🛠 Architecture

Kindly Architecture

This project consists of three primary building blocks:

API Server: This server hosts the Machine Learning (ML) model and the initial Application Programming Interface (API) to check the text against. Only a single endpoint is provided currently.
Machine Learning (ML) Training Server: This server rebuilds the model using data obtained from the Continuous Integration (CI) server. Because training data can get exponentially large, it requires ideally a GPU to perform this task quickly. However, it can start with a CPU if training data is relatively small (say 30 MB - 50 MB). The model file that is generated at the end of the process is stored on the Python API Server to be used in prediction on the frontend client. In the absence of the actual server, the current implementation uses a service called Huggingface.com, where large model files and repositories are hosted to be used by data scientists.
Open-Source Code Repository: Hosts the source code of the Python API Server, and the open dataset used for training the ML model.

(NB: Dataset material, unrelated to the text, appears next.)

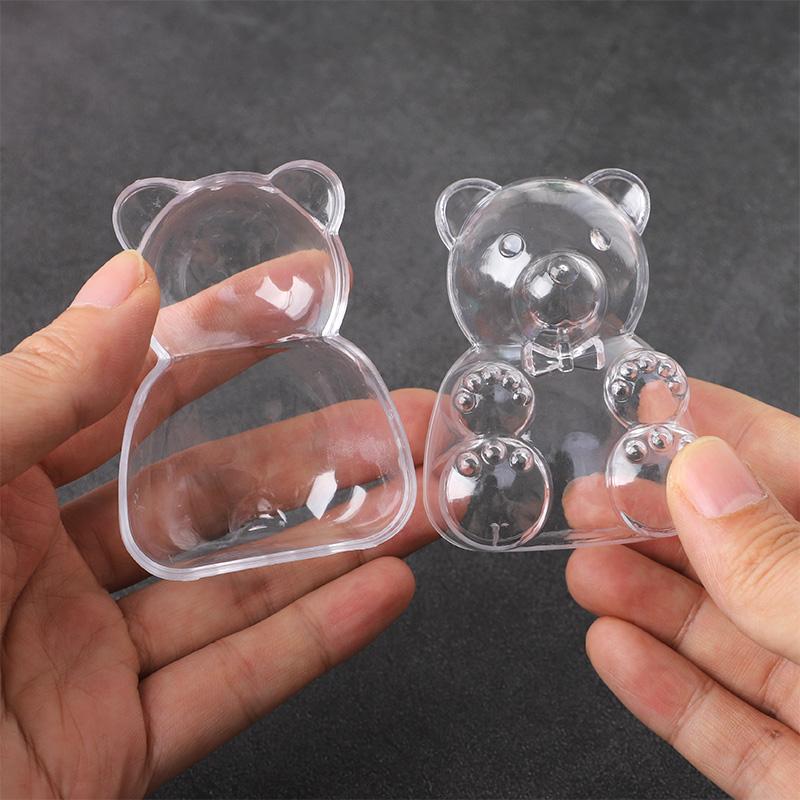 10pcs Bear Shaped Gift Box Clear Plastic Bear Candy Snack Container for Wedding Birthday Party Decor Supplies Baby Shower Favors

It also hosts the documentation site that you are reading right now 😉

Additionally, it also leverages the following complementary infrastructure:

Web Client: A very simple user interface (UI) is provided for demonstration purposes, so that users can try out and test the API. This provides a frontend that interacts with the API Server to check whether the input text is offensive or not, and reports the result back to the user. A different client page is set up for children to contribute to the training dataset, by sending input data into temporary storage for review, which later gets added to the open dataset.
Continuous Integration and Continuous Development (CI/CD) Pipelines trigger the client website and the API to be rebuilt and deployed whenever code is updated in GitHub. It also passes on updated model training data text files and model updates to the ML Training server.